EXERCISE BRIEF
Go through the entries below and print, exactly, the lines starting at the one with "Sherinlen Shirring Collar Neck Blouse" and ending at the one with "vidaXL Garde-robe vieux", keeping both ends and no others.

Crawled caption data:

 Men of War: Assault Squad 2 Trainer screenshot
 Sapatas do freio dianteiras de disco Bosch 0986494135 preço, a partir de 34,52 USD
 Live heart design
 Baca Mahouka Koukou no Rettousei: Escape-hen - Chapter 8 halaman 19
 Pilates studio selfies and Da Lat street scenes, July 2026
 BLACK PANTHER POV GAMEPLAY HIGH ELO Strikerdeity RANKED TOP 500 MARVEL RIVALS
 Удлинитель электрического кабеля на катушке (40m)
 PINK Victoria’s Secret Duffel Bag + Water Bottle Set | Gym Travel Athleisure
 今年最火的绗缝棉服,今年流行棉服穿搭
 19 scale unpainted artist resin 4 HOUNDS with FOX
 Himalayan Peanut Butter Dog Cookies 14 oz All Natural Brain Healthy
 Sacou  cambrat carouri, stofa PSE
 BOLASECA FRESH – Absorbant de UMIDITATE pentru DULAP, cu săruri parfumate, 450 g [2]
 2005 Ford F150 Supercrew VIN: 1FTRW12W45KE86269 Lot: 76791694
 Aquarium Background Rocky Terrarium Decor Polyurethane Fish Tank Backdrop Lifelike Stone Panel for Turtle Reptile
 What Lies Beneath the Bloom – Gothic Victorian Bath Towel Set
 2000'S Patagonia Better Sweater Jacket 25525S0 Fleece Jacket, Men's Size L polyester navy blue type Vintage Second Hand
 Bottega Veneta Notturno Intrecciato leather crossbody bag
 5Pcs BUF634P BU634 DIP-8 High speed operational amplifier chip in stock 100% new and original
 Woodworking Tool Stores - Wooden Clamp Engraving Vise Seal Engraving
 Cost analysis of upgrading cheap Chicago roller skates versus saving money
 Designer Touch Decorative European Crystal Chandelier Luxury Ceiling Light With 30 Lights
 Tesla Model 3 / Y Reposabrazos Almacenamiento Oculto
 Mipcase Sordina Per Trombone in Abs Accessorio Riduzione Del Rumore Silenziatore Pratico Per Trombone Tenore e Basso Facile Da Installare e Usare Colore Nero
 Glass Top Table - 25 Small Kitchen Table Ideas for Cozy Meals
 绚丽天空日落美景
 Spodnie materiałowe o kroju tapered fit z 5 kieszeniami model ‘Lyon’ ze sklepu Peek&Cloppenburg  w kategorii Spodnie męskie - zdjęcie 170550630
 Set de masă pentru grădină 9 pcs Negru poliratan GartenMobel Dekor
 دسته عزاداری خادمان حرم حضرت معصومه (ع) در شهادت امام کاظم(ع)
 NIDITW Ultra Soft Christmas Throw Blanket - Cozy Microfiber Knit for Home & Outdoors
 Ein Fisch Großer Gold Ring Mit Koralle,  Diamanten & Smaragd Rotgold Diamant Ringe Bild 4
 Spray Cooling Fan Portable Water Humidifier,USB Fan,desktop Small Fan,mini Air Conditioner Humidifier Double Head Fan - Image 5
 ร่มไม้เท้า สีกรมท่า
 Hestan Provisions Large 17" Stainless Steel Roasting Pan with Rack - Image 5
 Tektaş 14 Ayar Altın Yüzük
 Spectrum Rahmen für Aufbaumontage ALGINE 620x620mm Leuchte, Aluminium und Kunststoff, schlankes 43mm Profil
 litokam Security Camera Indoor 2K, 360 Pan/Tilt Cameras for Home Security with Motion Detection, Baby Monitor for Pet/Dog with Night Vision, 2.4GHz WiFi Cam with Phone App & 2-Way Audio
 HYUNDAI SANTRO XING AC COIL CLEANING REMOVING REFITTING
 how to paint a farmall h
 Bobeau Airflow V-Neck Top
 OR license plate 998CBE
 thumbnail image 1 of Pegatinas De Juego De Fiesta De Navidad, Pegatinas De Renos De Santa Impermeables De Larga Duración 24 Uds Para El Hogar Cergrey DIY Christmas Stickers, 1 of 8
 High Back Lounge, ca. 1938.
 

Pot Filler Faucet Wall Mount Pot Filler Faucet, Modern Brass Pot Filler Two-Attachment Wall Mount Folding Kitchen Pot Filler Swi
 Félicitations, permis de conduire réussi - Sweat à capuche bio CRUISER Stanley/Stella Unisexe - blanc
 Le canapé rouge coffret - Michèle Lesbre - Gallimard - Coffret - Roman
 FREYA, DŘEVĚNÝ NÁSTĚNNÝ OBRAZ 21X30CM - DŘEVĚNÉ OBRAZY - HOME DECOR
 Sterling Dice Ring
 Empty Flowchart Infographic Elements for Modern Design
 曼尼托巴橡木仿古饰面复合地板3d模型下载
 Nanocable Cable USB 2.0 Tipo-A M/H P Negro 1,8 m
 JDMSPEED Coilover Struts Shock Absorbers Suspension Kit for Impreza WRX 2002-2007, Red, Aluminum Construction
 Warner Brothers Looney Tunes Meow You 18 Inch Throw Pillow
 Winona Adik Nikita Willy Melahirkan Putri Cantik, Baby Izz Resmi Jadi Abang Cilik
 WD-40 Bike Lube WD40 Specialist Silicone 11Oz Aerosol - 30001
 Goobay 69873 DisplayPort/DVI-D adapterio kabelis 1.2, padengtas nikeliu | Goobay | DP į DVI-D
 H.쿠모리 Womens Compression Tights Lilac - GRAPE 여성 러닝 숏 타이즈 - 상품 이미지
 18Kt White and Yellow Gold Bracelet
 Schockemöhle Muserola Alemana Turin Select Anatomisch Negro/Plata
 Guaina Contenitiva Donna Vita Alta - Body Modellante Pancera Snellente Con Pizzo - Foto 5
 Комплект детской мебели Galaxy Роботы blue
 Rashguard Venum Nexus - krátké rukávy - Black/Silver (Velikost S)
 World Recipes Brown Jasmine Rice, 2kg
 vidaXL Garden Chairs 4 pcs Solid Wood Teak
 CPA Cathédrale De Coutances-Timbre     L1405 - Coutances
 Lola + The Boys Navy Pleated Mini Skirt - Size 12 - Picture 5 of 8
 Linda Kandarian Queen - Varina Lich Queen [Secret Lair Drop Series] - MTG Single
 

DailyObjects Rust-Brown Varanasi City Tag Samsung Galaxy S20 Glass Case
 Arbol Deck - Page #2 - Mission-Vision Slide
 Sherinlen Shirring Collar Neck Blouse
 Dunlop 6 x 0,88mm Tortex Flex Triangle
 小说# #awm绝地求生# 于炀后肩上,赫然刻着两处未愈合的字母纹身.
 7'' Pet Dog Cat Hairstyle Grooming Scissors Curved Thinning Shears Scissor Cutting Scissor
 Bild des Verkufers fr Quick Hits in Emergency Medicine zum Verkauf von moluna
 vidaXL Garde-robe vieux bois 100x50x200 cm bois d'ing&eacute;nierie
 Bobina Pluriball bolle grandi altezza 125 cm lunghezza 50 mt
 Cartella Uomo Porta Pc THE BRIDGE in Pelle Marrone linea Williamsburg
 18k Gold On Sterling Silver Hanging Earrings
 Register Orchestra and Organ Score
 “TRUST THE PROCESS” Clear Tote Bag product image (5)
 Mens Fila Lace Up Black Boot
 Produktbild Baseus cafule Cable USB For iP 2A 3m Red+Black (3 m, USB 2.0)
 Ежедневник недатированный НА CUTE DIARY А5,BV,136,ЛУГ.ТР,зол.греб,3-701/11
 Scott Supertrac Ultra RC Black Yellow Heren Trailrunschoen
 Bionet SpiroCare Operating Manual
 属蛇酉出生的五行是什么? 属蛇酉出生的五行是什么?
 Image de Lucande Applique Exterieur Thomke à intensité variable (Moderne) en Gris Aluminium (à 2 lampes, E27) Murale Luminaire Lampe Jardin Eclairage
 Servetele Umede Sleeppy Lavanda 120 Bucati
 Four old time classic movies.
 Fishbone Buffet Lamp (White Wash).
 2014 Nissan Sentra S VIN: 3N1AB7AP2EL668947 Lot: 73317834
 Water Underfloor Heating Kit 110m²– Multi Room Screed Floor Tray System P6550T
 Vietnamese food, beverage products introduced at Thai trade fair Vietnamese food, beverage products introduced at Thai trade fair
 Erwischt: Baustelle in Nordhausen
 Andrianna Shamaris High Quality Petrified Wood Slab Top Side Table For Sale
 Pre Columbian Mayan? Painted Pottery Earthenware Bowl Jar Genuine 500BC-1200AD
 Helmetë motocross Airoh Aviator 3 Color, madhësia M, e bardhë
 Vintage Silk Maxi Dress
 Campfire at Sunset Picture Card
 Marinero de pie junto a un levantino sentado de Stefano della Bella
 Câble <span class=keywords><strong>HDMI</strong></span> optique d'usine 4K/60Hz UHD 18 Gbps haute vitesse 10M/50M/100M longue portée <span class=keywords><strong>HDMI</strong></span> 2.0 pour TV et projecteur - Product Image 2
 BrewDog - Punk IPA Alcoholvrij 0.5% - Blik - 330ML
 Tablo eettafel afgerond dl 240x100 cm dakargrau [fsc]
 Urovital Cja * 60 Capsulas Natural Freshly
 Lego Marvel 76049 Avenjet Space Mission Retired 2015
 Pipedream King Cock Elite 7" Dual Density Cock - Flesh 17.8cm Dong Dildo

SOLUTION TO THIS TASK
 Sherinlen Shirring Collar Neck Blouse
 Dunlop 6 x 0,88mm Tortex Flex Triangle
 小说# #awm绝地求生# 于炀后肩上,赫然刻着两处未愈合的字母纹身.
 7'' Pet Dog Cat Hairstyle Grooming Scissors Curved Thinning Shears Scissor Cutting Scissor
 Bild des Verkufers fr Quick Hits in Emergency Medicine zum Verkauf von moluna
 vidaXL Garde-robe vieux bois 100x50x200 cm bois d'ing&eacute;nierie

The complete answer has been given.